··· Records provided ···

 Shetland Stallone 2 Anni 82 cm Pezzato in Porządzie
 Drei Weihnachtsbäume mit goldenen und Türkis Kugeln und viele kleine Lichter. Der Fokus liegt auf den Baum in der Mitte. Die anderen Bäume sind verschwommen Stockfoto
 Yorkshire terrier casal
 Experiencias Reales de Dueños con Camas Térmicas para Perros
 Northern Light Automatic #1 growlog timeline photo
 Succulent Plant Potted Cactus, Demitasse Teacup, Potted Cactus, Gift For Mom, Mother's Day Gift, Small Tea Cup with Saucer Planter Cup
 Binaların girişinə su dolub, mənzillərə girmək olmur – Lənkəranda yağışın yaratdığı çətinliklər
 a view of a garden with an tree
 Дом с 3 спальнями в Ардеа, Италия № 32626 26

···
··· Records provided ···

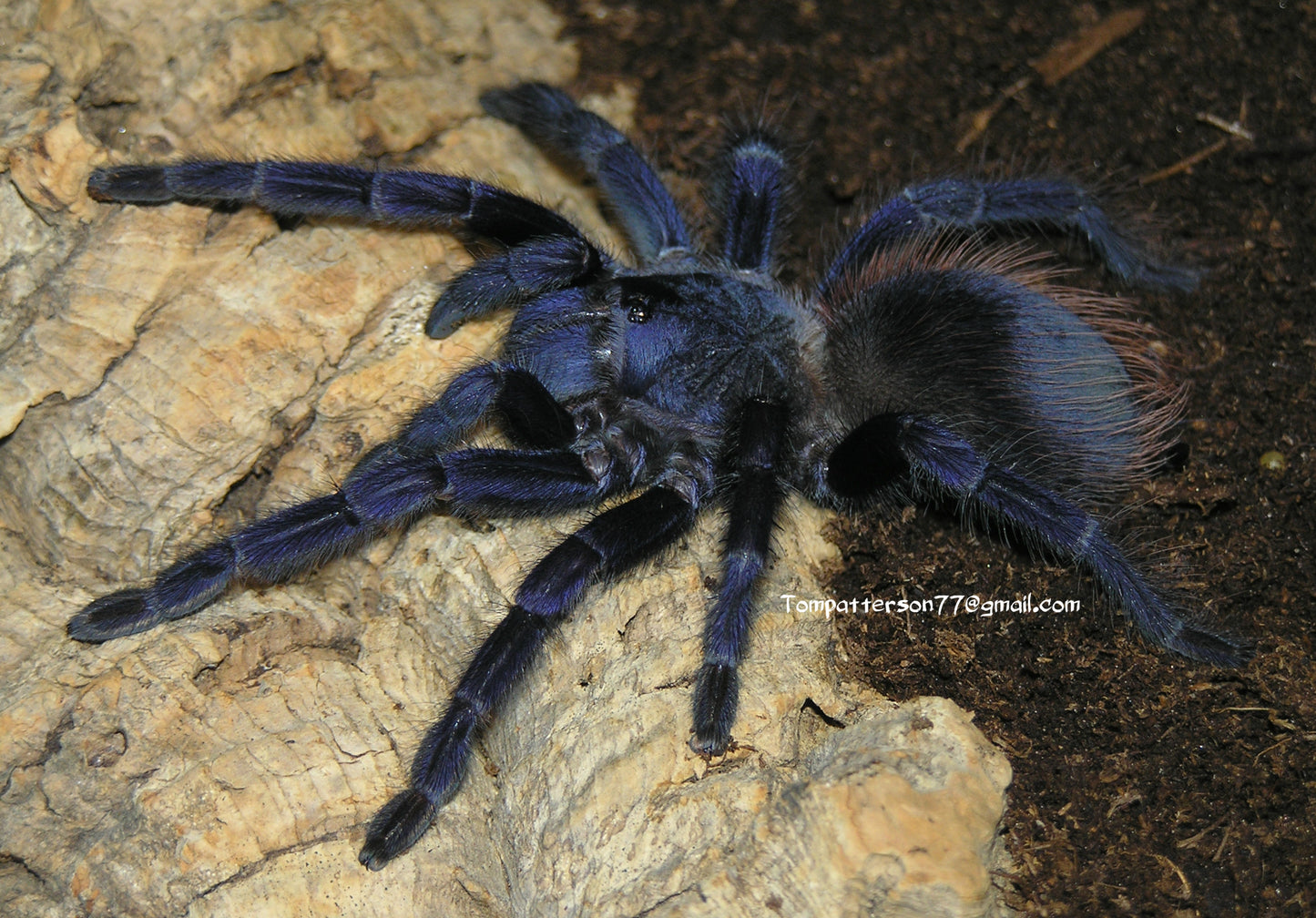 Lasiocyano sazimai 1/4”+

···
··· Records provided ···

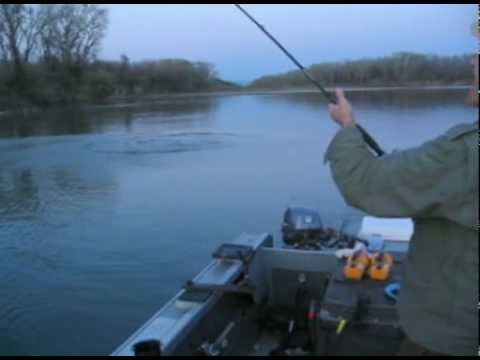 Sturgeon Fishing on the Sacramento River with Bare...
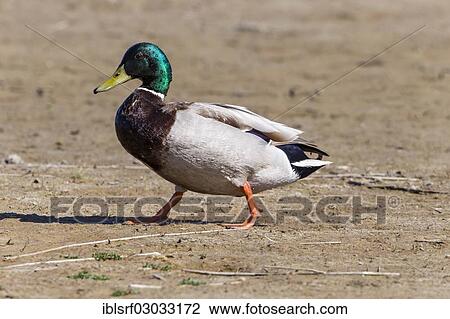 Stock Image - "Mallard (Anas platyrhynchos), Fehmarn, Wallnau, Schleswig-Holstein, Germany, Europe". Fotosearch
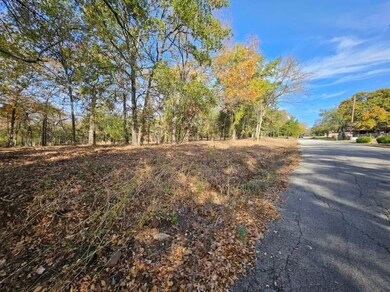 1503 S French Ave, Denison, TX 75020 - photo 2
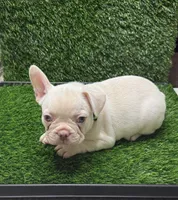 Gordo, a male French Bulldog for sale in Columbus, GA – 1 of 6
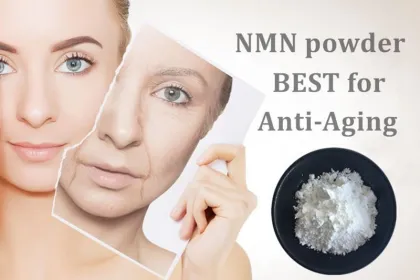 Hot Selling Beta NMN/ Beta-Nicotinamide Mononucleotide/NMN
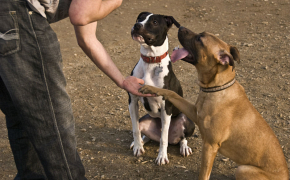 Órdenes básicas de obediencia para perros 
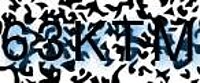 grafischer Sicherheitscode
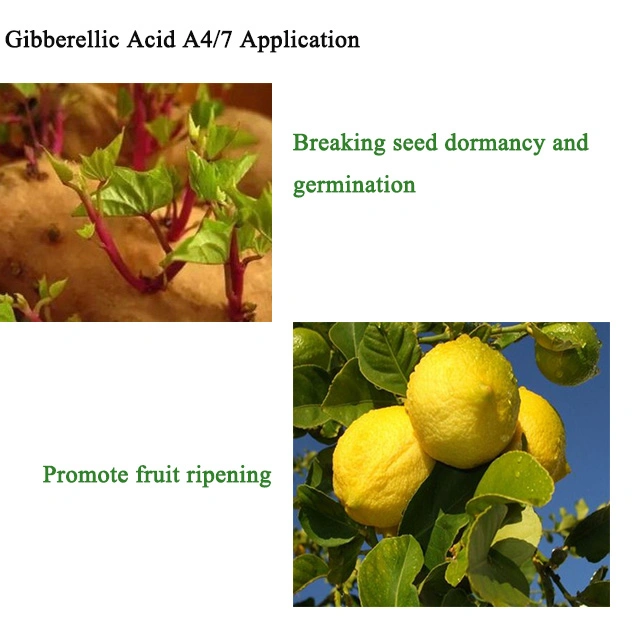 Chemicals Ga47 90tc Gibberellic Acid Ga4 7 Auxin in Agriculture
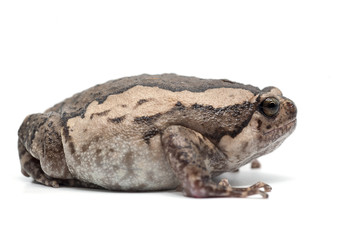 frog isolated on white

···

[Exercise brief] Print the part of the listing above that opens with the line containing "Sturgeon Fishing on" and closes with the line containing "1503 S French". Copy it exactly, both ends included, and omit the pictures.

[Expected answer]
 Sturgeon Fishing on the Sacramento River with Bare...
 Stock Image - "Mallard (Anas platyrhynchos), Fehmarn, Wallnau, Schleswig-Holstein, Germany, Europe". Fotosearch
 1503 S French Ave, Denison, TX 75020 - photo 2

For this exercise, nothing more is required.